==== Raw data ====

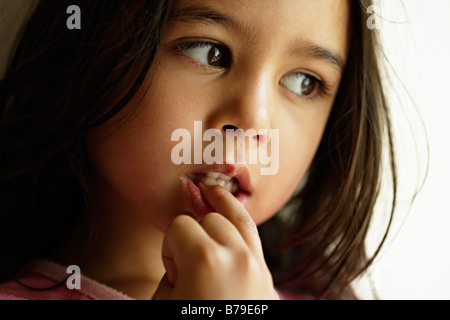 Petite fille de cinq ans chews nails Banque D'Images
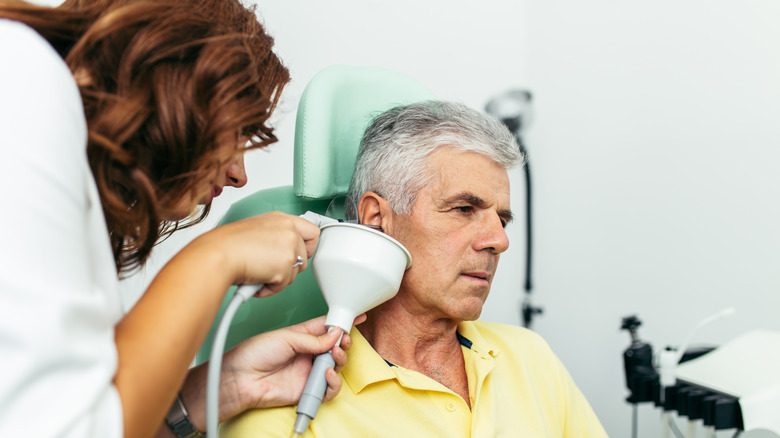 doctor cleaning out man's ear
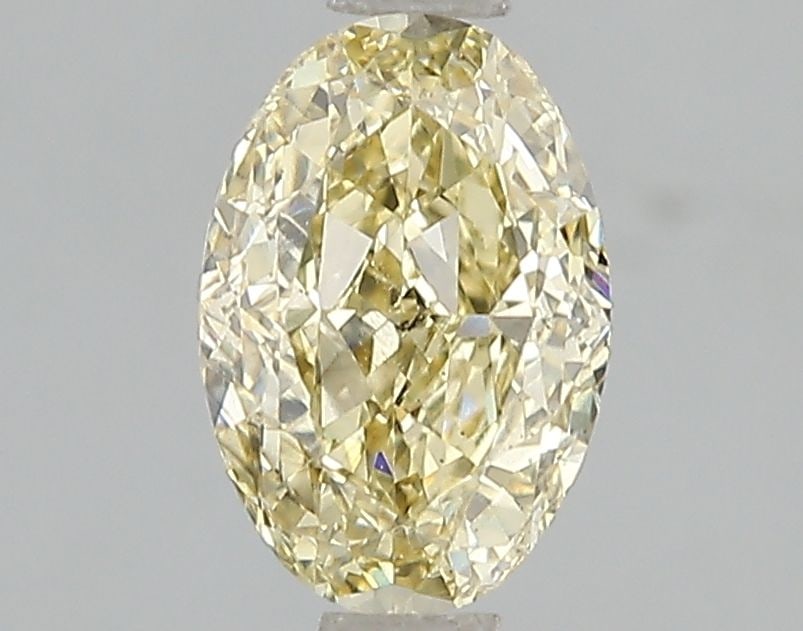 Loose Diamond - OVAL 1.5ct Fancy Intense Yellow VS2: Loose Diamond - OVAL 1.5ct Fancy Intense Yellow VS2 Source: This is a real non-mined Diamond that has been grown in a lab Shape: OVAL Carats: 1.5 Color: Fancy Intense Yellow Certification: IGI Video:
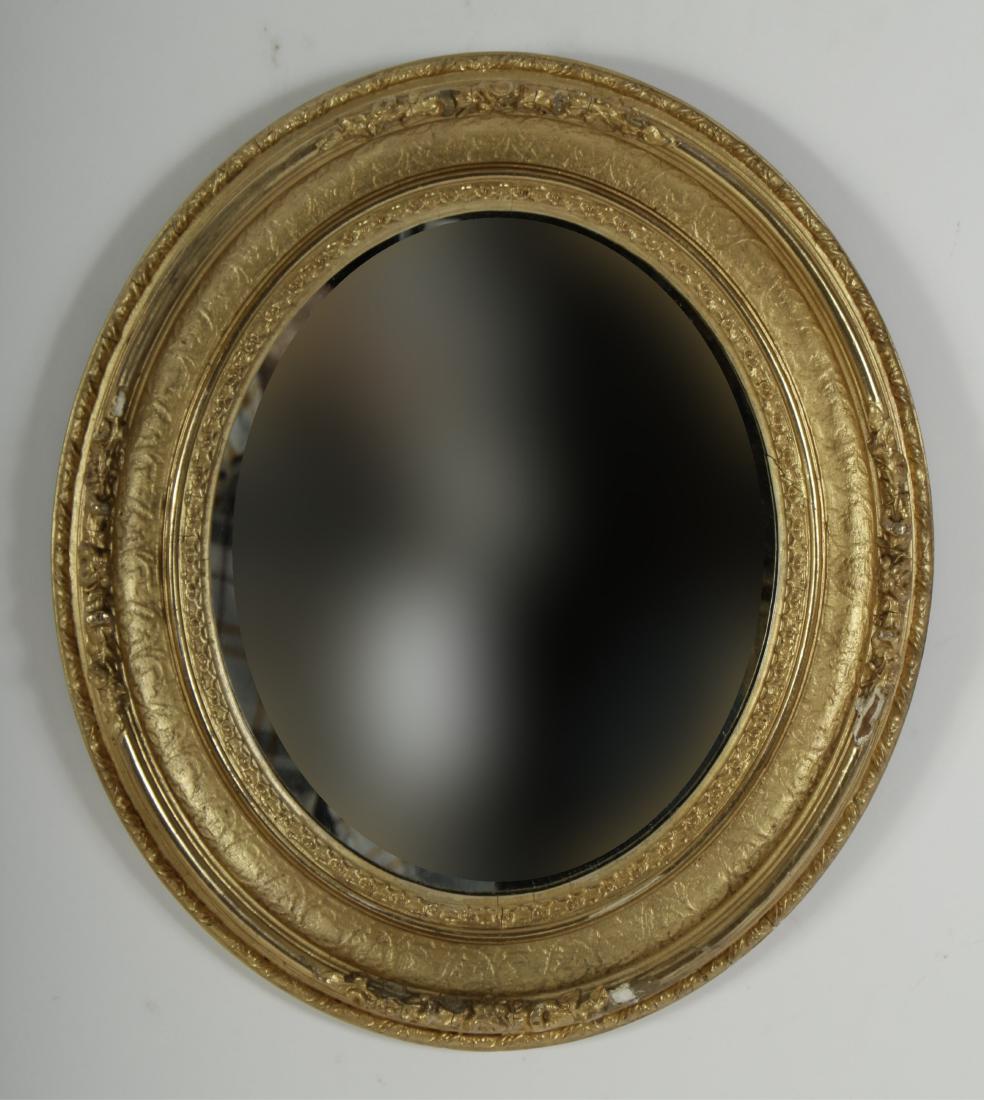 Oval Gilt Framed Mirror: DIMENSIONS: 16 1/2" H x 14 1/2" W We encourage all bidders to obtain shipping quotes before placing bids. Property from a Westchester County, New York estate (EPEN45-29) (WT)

====

Directions for this task
Retype the data above as given, letting no picture into the copy.

Solution
 Petite fille de cinq ans chews nails Banque D'Images
 doctor cleaning out man's ear
 Loose Diamond - OVAL 1.5ct Fancy Intense Yellow VS2: Loose Diamond - OVAL 1.5ct Fancy Intense Yellow VS2 Source: This is a real non-mined Diamond that has been grown in a lab Shape: OVAL Carats: 1.5 Color: Fancy Intense Yellow Certification: IGI Video:
 Oval Gilt Framed Mirror: DIMENSIONS: 16 1/2" H x 14 1/2" W We encourage all bidders to obtain shipping quotes before placing bids. Property from a Westchester County, New York estate (EPEN45-29) (WT)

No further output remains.